Problem
Please return every record exactly as written, leaving out the pictures.

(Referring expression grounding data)
━━━━━━━━━━━━━━━━━━━━━━━━━━━━━━

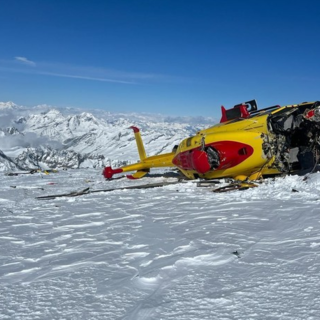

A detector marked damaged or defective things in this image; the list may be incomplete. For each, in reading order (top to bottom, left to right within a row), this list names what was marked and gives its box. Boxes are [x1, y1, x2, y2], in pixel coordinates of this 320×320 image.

crashed helicopter [102, 100, 320, 181]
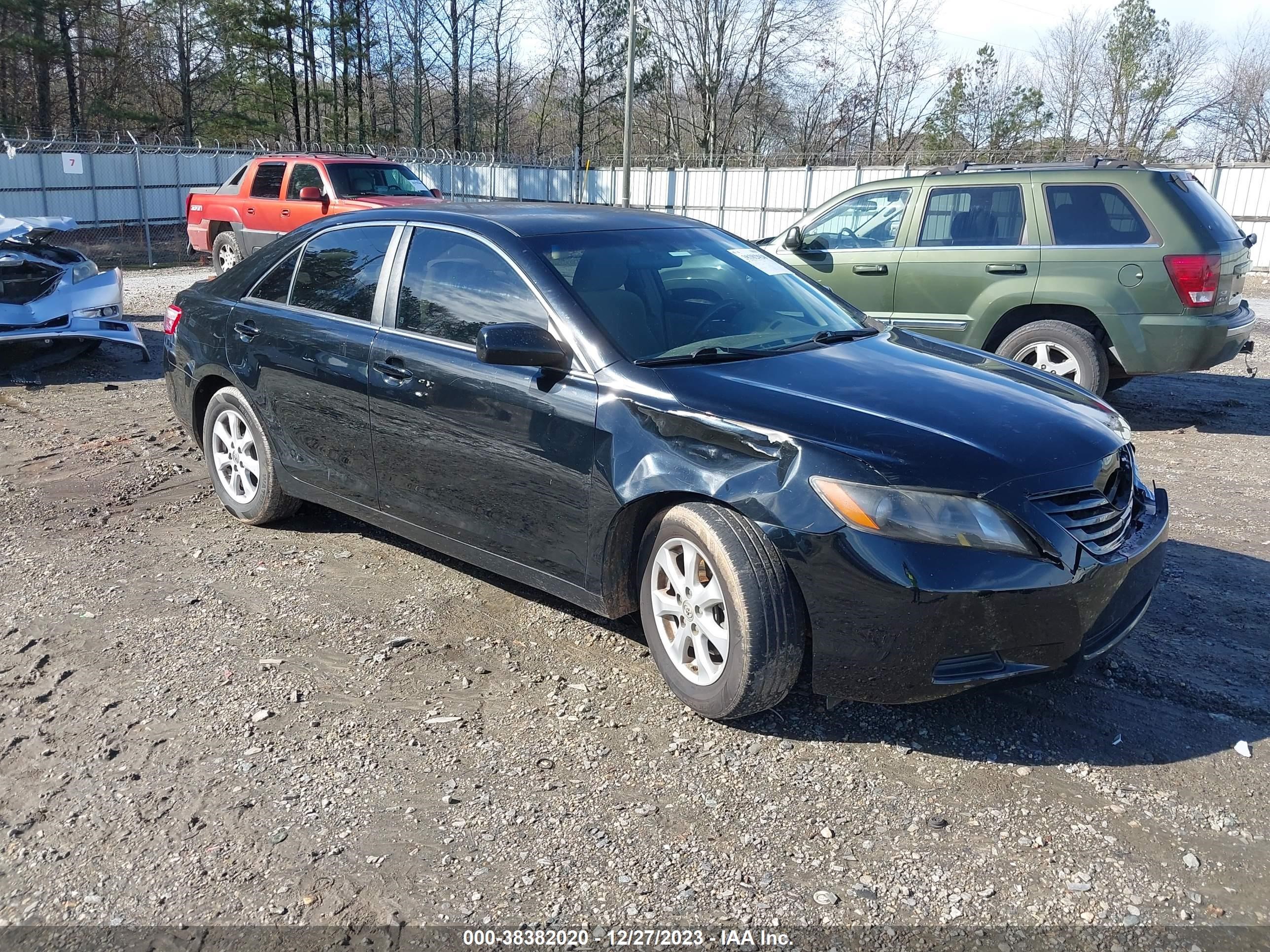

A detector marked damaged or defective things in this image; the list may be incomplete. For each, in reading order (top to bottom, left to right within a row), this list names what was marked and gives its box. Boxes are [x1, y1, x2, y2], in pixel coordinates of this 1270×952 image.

damaged front bumper [0, 269, 147, 360]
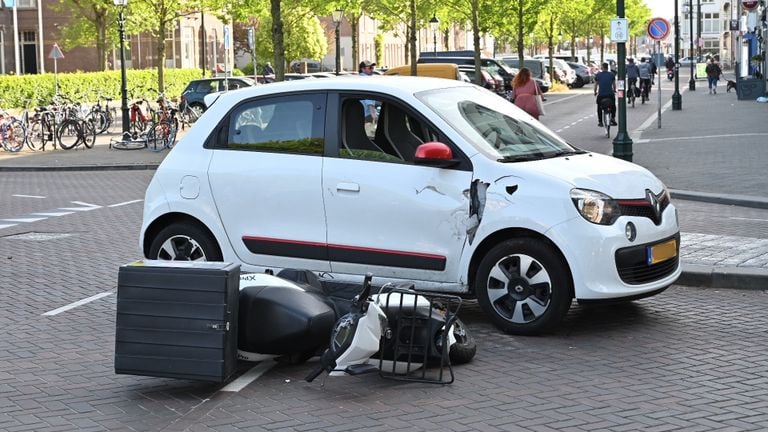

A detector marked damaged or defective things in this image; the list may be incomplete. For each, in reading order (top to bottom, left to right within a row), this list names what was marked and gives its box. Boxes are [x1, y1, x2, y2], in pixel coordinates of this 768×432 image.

damaged car door [322, 94, 474, 282]
crashed scooter [237, 268, 476, 384]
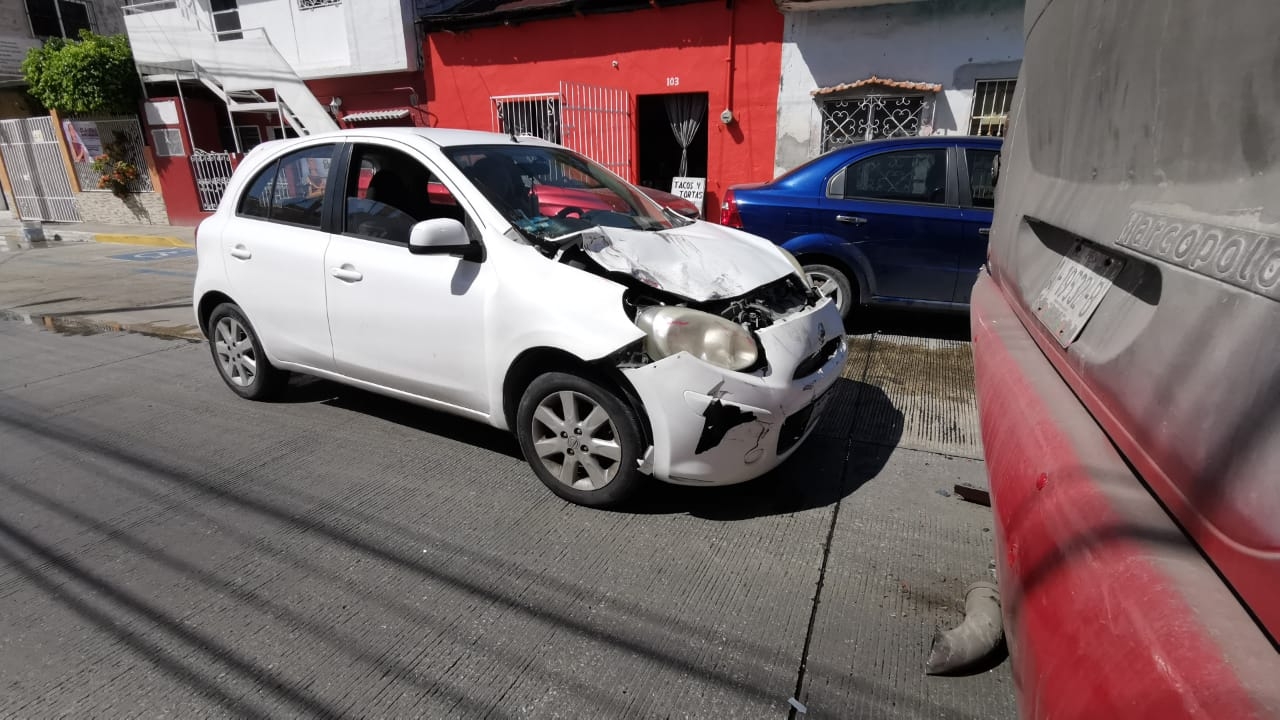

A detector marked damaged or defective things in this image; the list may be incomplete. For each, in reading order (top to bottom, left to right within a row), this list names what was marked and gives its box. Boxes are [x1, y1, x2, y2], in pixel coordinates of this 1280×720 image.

damaged car hood [576, 225, 796, 304]
broken headlight [632, 306, 756, 372]
crushed front bumper [624, 296, 848, 486]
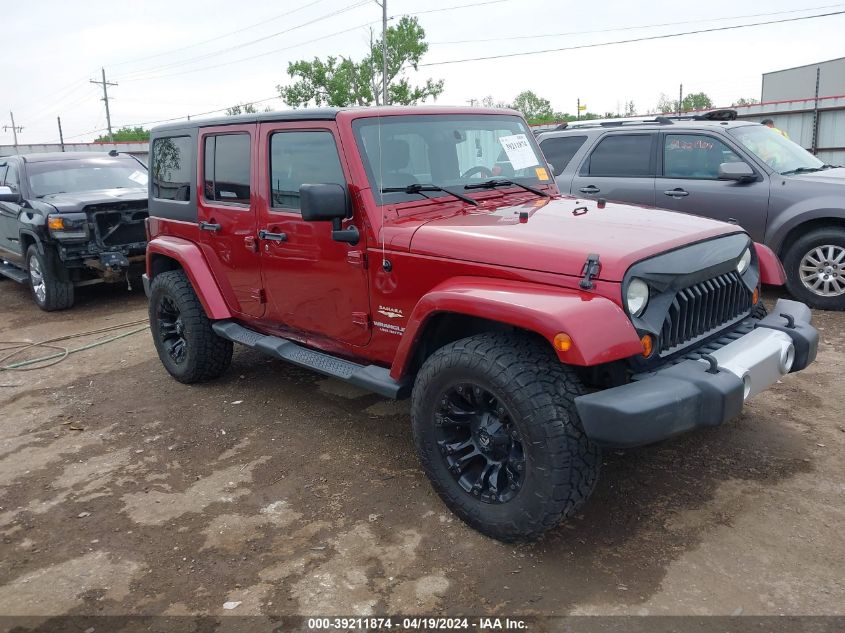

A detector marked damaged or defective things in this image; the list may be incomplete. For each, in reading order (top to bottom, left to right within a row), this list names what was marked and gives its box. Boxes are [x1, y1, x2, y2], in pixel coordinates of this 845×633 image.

damaged black pickup truck [0, 151, 148, 308]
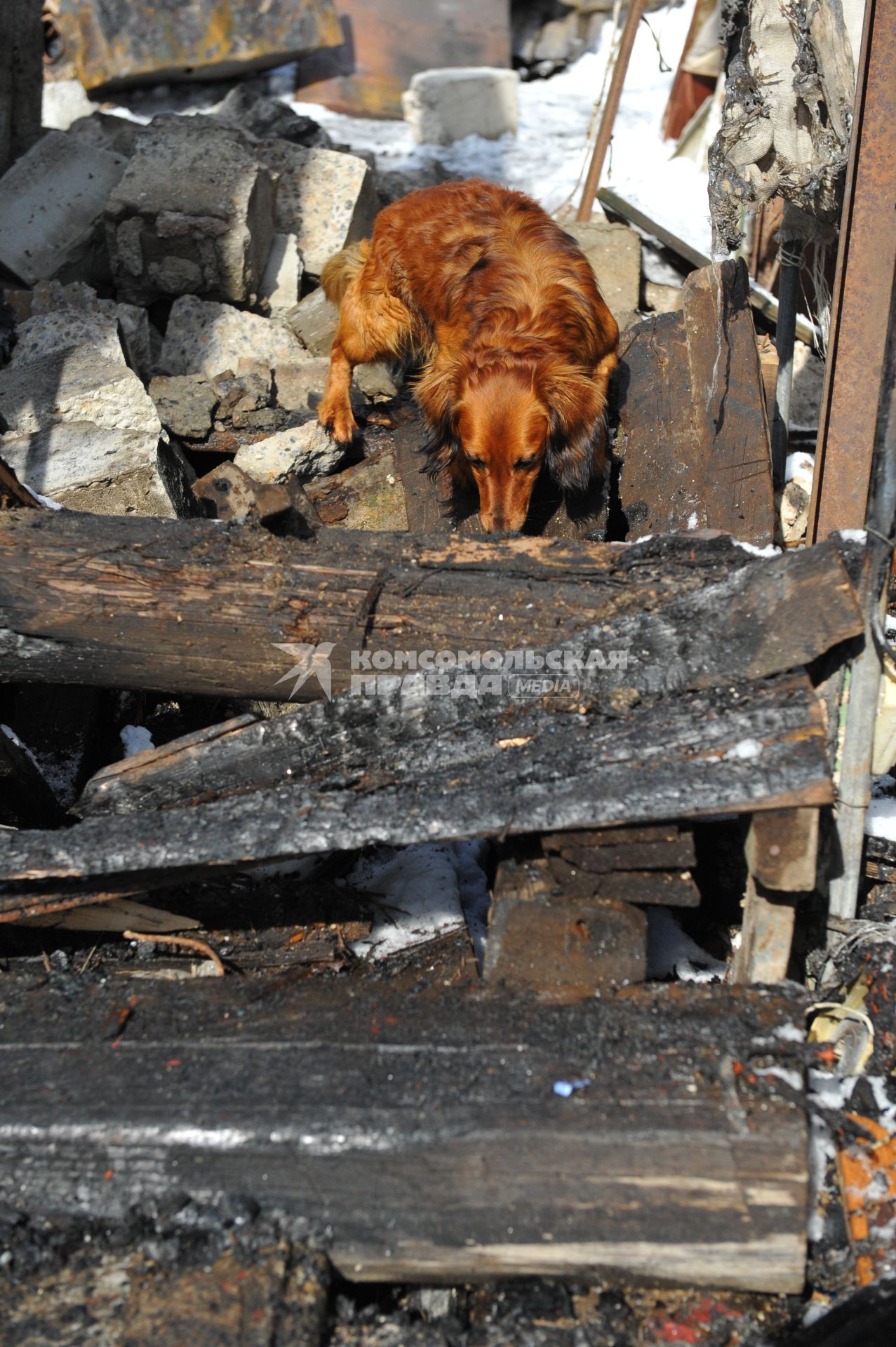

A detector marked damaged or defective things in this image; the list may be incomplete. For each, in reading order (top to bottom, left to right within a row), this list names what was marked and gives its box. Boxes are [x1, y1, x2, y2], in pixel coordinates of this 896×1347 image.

broken concrete [212, 87, 334, 149]
broken concrete [401, 67, 519, 145]
broken concrete [0, 132, 127, 286]
broken concrete [105, 119, 275, 303]
broken concrete [158, 293, 306, 373]
broken concrete [260, 236, 306, 314]
broken concrete [288, 288, 340, 355]
broken concrete [254, 142, 376, 279]
broken concrete [564, 220, 643, 330]
rusty metal beam [808, 1, 896, 547]
broken concrete [0, 345, 195, 519]
broken concrete [149, 373, 222, 443]
broken concrete [236, 424, 348, 485]
charred wooden beam [0, 516, 864, 704]
charred wooden beam [0, 674, 836, 915]
charred wooden beam [0, 965, 814, 1296]
burnt timber [0, 965, 814, 1296]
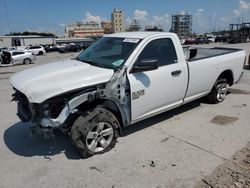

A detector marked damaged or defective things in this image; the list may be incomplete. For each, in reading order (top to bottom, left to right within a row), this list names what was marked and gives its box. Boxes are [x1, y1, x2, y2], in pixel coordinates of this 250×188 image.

crumpled hood [10, 59, 114, 103]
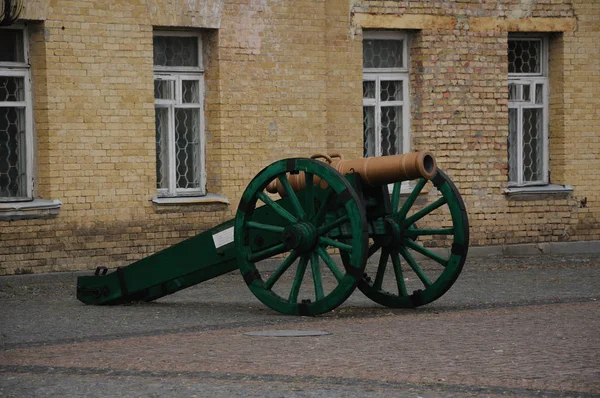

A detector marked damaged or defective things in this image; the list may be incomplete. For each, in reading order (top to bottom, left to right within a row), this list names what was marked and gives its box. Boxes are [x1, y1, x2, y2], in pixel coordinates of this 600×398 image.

rusty metal barrel surface [268, 151, 436, 196]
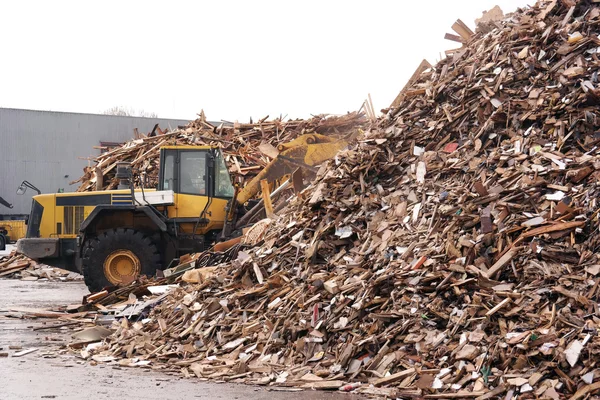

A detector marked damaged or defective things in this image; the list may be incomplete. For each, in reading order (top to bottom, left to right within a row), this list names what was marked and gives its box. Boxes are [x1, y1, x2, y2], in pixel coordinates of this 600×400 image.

splintered wood [70, 110, 366, 193]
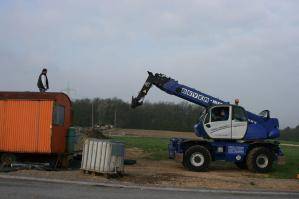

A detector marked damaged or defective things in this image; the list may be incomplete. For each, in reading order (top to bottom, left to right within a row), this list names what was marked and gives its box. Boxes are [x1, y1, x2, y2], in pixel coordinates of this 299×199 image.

rusty container wall [0, 99, 53, 152]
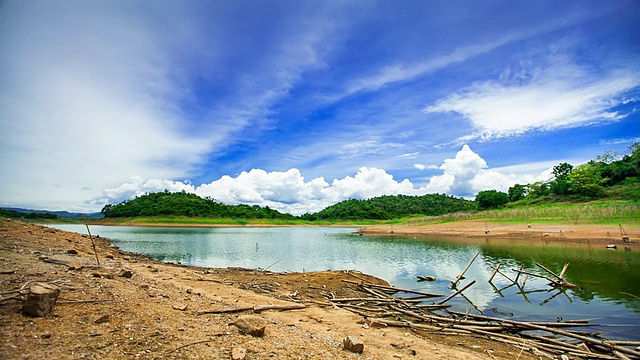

━━━━━━━━━━━━━━━━━━━━━━━━━━━━━━

Expected output
A detector marked damaged or defective things in this image; the list may be incomplete. For each, in reading order (top to bottom, left to right within a row), this list names what was marked and gives its box. Boxes are [x1, y1, x2, y2], in pixel coordinates of this 320×320 image.

crashed helicopter [102, 100, 320, 181]

A detector marked damaged or defective things in this image; the list may be incomplete. For each, in reading order (top to bottom, left to right within a row), this list names what was marked and gives its box. Boxes are [x1, y1, x2, y2], in pixel coordinates of this 1270×952 image.

damaged front bumper [0, 269, 147, 360]

A detector marked damaged or defective things in this image; the list may be incomplete. For each, in reading order (top to bottom, left to right within a row), this list names what was marked and gives its box. Boxes are [x1, y1, x2, y2], in pixel coordinates of this 768×432 image.

damaged car door [322, 94, 474, 282]
crashed scooter [237, 268, 476, 384]

A detector marked damaged or defective things in this image; the list may be incomplete. For each, in reading order (top to bottom, left to right within a row), this list names what was marked and gives its box. Boxes are [x1, y1, x2, y2], in pixel coordinates of this 1280×720 image.

damaged car hood [576, 225, 796, 304]
broken headlight [632, 306, 756, 372]
crushed front bumper [624, 296, 848, 486]

A detector marked damaged or defective things in this image; the list may be incomplete. For each, in reading order (top to bottom, left to right within a row), this list names what was marked and gives its box. Boxes are [x1, y1, x2, y2], in pixel coordinates of this 845×633 image.

damaged black pickup truck [0, 151, 148, 308]

A detector marked damaged or defective things in this image; the list may be incomplete. For each, in reading order (top to bottom, left to right within a row), this list names what was marked and gives its box. Boxes are [x1, y1, x2, y2], in pixel coordinates of this 896×1347 image.

broken concrete [212, 87, 334, 149]
broken concrete [401, 67, 519, 145]
broken concrete [0, 132, 127, 286]
broken concrete [105, 119, 275, 303]
broken concrete [158, 293, 306, 373]
broken concrete [260, 236, 306, 314]
broken concrete [288, 288, 340, 355]
broken concrete [254, 142, 376, 279]
broken concrete [564, 220, 643, 330]
rusty metal beam [808, 1, 896, 547]
broken concrete [0, 345, 195, 519]
broken concrete [149, 373, 222, 443]
broken concrete [236, 424, 348, 485]
charred wooden beam [0, 516, 864, 704]
charred wooden beam [0, 674, 836, 915]
charred wooden beam [0, 965, 814, 1296]
burnt timber [0, 965, 814, 1296]

A detector marked damaged or defective things in this image; the list may be incomplete. For each, in reading order (top to bottom, left to right within a row), this list names what was marked and gives its box. Boxes are [x1, y1, x2, y2], in pixel coordinates of this 250×188 image.

crumpled hood [10, 59, 114, 103]

A detector marked damaged or defective things in this image; the list may be incomplete. For each, in reading order (top to bottom, left to right within a row), this list names what was marked and gives its box. Boxes are [x1, y1, x2, y2], in pixel coordinates of this 600×398 image.

rusty metal barrel surface [268, 151, 436, 196]

A detector marked damaged or defective things in this image; the list may be incomplete. For each, in reading order (top to bottom, left to right within a row), this list names what was marked and gives its box. Boxes are [x1, y1, x2, y2], in pixel coordinates of this 600×400 image.

splintered wood [70, 110, 366, 193]

A detector marked damaged or defective things in this image; the list may be incomplete. For each, in reading order (top to bottom, left to right within a row), this list names what was marked and gives its box. Boxes are [x1, y1, x2, y2], in pixel coordinates of this 299×199 image.

rusty container wall [0, 99, 53, 152]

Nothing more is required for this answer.